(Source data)
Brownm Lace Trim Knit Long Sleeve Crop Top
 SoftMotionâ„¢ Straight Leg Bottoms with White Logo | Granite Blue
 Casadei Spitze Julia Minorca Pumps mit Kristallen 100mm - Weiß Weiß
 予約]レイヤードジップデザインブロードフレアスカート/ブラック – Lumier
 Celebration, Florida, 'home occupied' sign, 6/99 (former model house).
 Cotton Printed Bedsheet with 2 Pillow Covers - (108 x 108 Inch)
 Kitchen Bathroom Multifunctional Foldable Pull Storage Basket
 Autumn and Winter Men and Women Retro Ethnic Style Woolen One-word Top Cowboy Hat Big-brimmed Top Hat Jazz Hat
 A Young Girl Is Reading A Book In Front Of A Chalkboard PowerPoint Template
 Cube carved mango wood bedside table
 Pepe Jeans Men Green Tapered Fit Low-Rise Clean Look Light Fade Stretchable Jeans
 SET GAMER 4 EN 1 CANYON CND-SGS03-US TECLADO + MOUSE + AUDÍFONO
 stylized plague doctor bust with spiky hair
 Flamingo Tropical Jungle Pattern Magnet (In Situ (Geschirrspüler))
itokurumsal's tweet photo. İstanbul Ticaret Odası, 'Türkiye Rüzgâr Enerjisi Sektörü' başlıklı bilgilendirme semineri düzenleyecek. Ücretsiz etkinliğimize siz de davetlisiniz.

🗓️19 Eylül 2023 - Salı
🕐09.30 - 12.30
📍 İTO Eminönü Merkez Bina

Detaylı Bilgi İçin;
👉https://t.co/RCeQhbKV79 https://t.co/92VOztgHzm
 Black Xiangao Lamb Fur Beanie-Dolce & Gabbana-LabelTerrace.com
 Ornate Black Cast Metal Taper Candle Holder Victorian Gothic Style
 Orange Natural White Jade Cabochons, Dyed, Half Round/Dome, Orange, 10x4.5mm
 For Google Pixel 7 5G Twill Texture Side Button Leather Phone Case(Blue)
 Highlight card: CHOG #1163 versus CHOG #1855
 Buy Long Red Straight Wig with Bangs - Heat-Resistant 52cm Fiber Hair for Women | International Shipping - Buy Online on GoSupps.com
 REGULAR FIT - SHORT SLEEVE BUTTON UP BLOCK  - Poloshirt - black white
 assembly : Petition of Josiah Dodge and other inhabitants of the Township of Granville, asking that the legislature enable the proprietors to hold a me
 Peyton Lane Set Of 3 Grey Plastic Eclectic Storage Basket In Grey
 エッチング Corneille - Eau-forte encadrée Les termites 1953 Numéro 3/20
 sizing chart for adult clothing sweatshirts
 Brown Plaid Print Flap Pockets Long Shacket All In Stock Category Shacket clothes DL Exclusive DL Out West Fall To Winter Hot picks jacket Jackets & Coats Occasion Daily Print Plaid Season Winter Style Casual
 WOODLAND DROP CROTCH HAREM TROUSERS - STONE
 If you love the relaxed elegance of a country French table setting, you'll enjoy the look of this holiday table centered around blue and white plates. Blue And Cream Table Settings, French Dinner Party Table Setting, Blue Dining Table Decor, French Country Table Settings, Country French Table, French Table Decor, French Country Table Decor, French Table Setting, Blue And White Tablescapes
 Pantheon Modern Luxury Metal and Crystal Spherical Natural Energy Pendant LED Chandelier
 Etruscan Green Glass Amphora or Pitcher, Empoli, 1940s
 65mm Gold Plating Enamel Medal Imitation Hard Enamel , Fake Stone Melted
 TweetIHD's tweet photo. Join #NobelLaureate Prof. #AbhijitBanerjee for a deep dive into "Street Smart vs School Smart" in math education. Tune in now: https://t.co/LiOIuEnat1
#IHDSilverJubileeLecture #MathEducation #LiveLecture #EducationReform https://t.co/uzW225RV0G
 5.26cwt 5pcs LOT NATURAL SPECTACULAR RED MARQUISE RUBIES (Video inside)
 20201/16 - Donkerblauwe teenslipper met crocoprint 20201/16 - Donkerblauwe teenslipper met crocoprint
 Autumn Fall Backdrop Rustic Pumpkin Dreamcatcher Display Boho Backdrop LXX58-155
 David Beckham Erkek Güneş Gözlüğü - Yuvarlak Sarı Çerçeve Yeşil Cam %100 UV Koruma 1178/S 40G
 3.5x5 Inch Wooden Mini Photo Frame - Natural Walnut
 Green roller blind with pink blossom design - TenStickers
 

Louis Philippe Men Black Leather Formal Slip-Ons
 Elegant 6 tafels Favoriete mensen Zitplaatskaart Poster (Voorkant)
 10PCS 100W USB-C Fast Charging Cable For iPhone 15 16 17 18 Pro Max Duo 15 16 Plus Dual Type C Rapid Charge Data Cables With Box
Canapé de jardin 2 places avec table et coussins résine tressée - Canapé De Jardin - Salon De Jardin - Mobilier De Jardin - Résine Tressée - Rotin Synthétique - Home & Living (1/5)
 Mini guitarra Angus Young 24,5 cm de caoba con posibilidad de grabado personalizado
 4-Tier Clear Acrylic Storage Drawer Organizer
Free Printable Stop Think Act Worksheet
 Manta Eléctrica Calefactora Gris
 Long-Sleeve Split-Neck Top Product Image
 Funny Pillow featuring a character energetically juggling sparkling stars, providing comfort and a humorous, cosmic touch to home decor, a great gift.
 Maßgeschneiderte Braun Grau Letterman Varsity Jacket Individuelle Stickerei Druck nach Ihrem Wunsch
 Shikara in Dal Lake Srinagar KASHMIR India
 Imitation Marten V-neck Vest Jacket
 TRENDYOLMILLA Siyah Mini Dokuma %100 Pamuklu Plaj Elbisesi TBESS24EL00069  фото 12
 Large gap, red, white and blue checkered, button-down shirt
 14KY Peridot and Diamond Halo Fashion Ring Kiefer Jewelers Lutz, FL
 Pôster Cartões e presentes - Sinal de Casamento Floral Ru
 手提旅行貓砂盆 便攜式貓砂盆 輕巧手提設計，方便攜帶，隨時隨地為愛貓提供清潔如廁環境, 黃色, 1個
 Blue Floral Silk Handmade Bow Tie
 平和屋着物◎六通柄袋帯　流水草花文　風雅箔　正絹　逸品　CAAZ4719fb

- _Exercise details_: Print exactly the lines above, between the one holding "予約]レイヤードジップデザインブロードフレアスカート/ブラック – Lumier" and the one holding "Kitchen Bathroom Multifunctional", inclusive, and nothing besides.

- _Exercise output_:
 予約]レイヤードジップデザインブロードフレアスカート/ブラック – Lumier
 Celebration, Florida, 'home occupied' sign, 6/99 (former model house).
 Cotton Printed Bedsheet with 2 Pillow Covers - (108 x 108 Inch)
 Kitchen Bathroom Multifunctional Foldable Pull Storage Basket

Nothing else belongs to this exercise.